I move:
"That Seanad Éireann notes the Report on Full Employment".
It is appropriate that in beginning our discussion of public affairs this morning we should begin with what might be regarded as the most important concern of all of us, that is the provision of full employment in this country within the least possible time. It is the birthright of our people that suitable employment should be provided for them. I am sure that all parties subscribe to this.
We may all utter platitudes about the provision of full employment but more than platitudes are required to achieve that goal. We welcome this belated discussion on the very valuable Report on Full Employment which was issued by NIEC about three years ago. It is a sad reflection on the seriousness with which we are tackling the problem of creating new jobs when not only the Oireachtas but other bodies in the country have not had active discussion on this report during the past three years. Therefore, I hope that here today we may rekindle interest in this topic and I urge all voluntary bodies with any concern for the national interest to devote considerable time during the next six months to studying the problem of the provision of reasonably full employment as a matter of urgency. We should at least aim at the target set for 1980—the middle target.
Of course, many people would be forgiven if they were somewhat frightened by the report as it is written because, basically, it is a report of economists and it deals with figures from beginning to end. Therefore, it makes difficult reading for anyone not accustomed to dealing with economics. However, we shall consider the broad objectives of the report. They are that our present level of unemployment, which is running at 5 or 6 per cent, should be reduced to a figure of about 2 per cent.
We will always have some unemployment because of people changing their jobs and people being unemployable and so on, but if we could reduce the unemployment level to 2 per cent we would, in modern terms, be providing the equivalent of full employment. We must also take in the present level of emigration which is running at about 15,000 or 20,000 each year. This should be reduced to an acceptable figure of voluntary emigration which would be somewhere in the order of a few thousand persons. The figure suggested here is about 5,000. If these targets were achieved, all those who wished to work here could do so.

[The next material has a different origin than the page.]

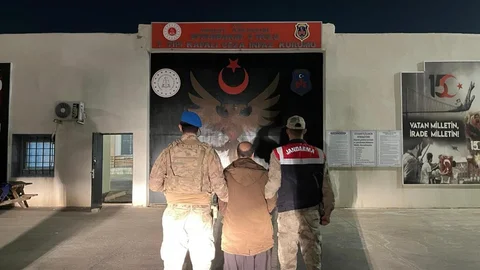 Diyarbakır'da Kesinleşmiş Hapis Cezası Olan Şahıs Yakalandı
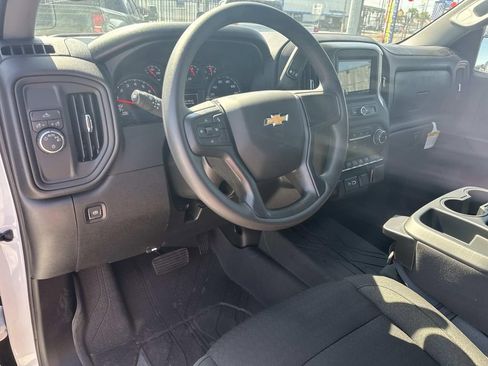 New 2026 Chevrolet Silverado 1500 Custom image 17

The report then goes on to lay down the conditions in which the planning should be done. The first observation is that because we are in competition with the British labour market and with the intense mobility between the two countries it is regarded as essential that our level of wages should progress more or less in line with Britain and the continent. That suggests that a figure of 4 per cent is necessary under that heading. As well as that, we must be able to compete effectively on the export market. Therefore, we must endeavour to improve the 1967 position. Since the publication of the report at that time, the position has deteriorated.
Of course, we are faced with the vast task of creating new jobs and of making available the capital that will be required for new industries and it is suggested here that 1 per cent per annum of the increased productivity should go towards that purpose. If we are to attain the middle course here of increasing productivity at a rate of 5½ per cent per annum we are faced with a big task. We have not reached this level before and few countries have ever reached it; those who have, only reached it for a very short period. Post-war Germany, of course, was an exception but then she was under exceptional conditions as well.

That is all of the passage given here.